1. Promoting development During the past decade, health has achieved unprecedented prominence as a key driver of socioeconomic progress, and more resources than ever are being invested in health. Yet poverty continues to contribute to poor health, and poor health anchors large populations in poverty. Health development is directed by the ethical principle of equity: Access to life-saving or health-promoting interventions should not be denied for unfair reasons, including those with economic or social roots. Commitment to this principle ensures that WHO activities aimed at health development give priority to health outcomes in poor, disadvantaged or vulnerable groups. Attainment of the health-related Millennium Development Goals, preventing and treating chronic diseases and addressing the neglected tropical diseases are the cornerstones of the health and development agenda.

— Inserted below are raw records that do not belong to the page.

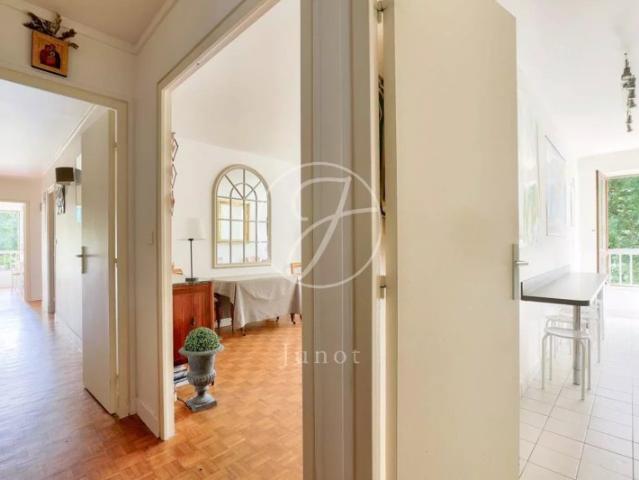 Versailles PLACE LABOULAYE Appartement à vendre 120 m² 5 chambres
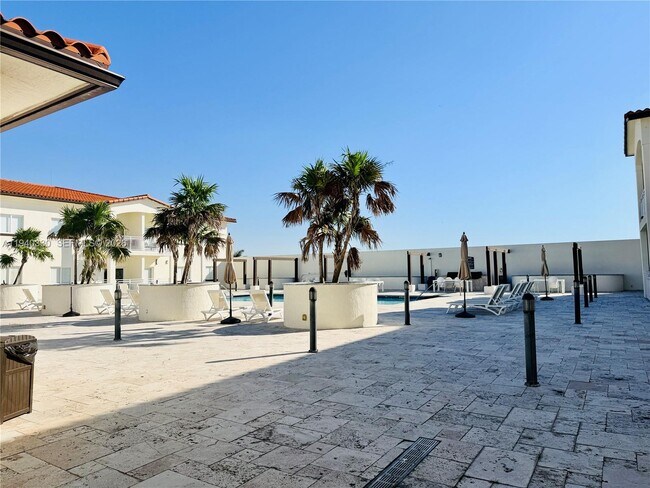 Building Photo - 10950 NW 82nd St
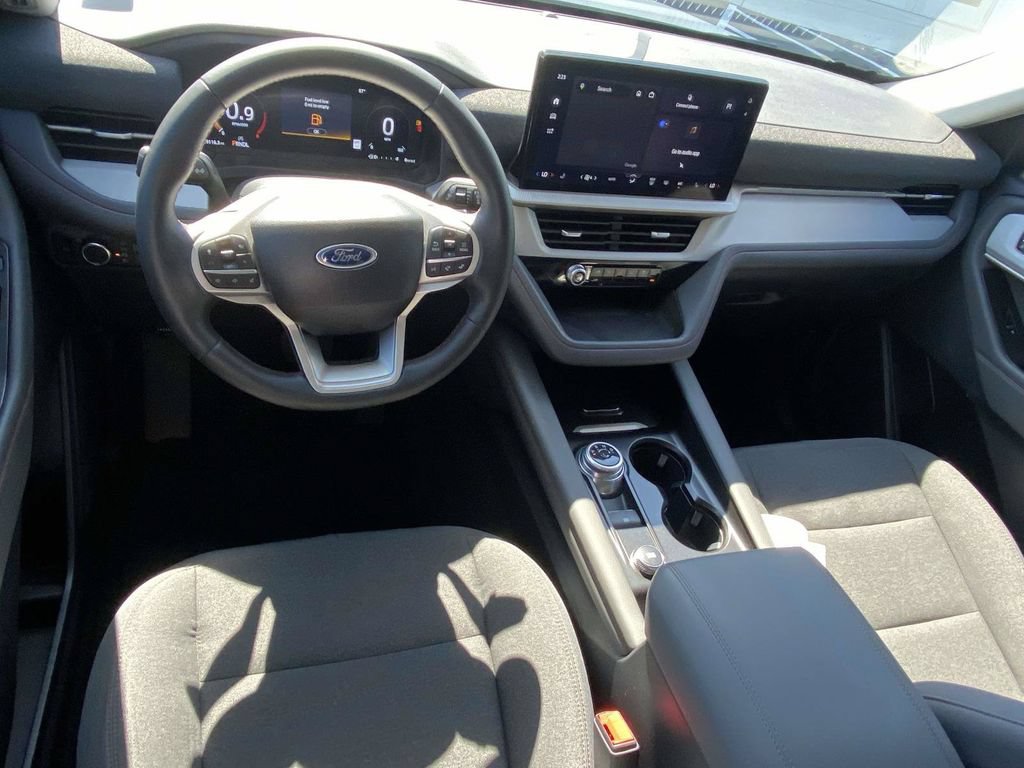 Used 2025 Ford Explorer Active RWD image 12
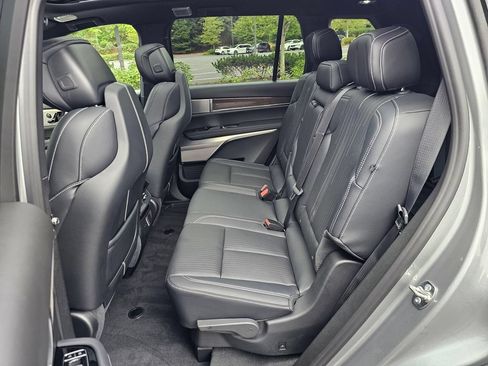 New 2027 Cadillac Vistiq Luxury AWD/4WD image 17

2. Fostering health security Shared vulnerability to health security threats demands collective action. One of the greatest threats to international health security arises from outbreaks of emerging and epidemic-prone diseases. Such outbreaks are occurring in increasing numbers, fuelled by such factors as rapid urbanization, environmental mismanagement, the way food is produced and traded, and the way antibiotics are used and misused. The world's ability to defend itself collectively against outbreaks has been strengthened since June 2007, when the revised International Health Regulations came into force.
3. Strengthening health systems For health improvement to operate as a poverty-reduction strategy, health services must reach poor and underserved populations. Health systems in many parts of the world are unable to do so, making the strengthening of health systems a high priority for WHO. Areas being addressed include the provision of adequate numbers of appropriately trained staff, sufficient financing, suitable systems for collecting vital statistics, and access to appropriate technology including essential drugs.
4. Harnessing research, information and evidence Evidence provides the foundation for setting priorities, defining strategies, and measuring results. WHO generates authoritative health information, in consultation with leading experts, to set norms and standards, articulate evidence-based policy options and monitor the evolving global heath situation.
5. Enhancing partnerships WHO carries out its work with the support and collaboration of many partners, including UN agencies and other international organizations, donors, civil society and the private sector. WHO uses the strategic power of evidence to encourage partners implementing programmes within countries to align their activities with best technical guidelines and practices, as well as with the priorities established by countries.
6. Improving performance WHO participates in ongoing reforms aimed at improving its efficiency and effectiveness, both at the international level and within countries. WHO aims to ensure that its strongest asset - its staff - works in an environment that is motivating and rewarding. WHO plans its budget and activities through results-based management, with clear expected results to measure performance at country, regional and international levels.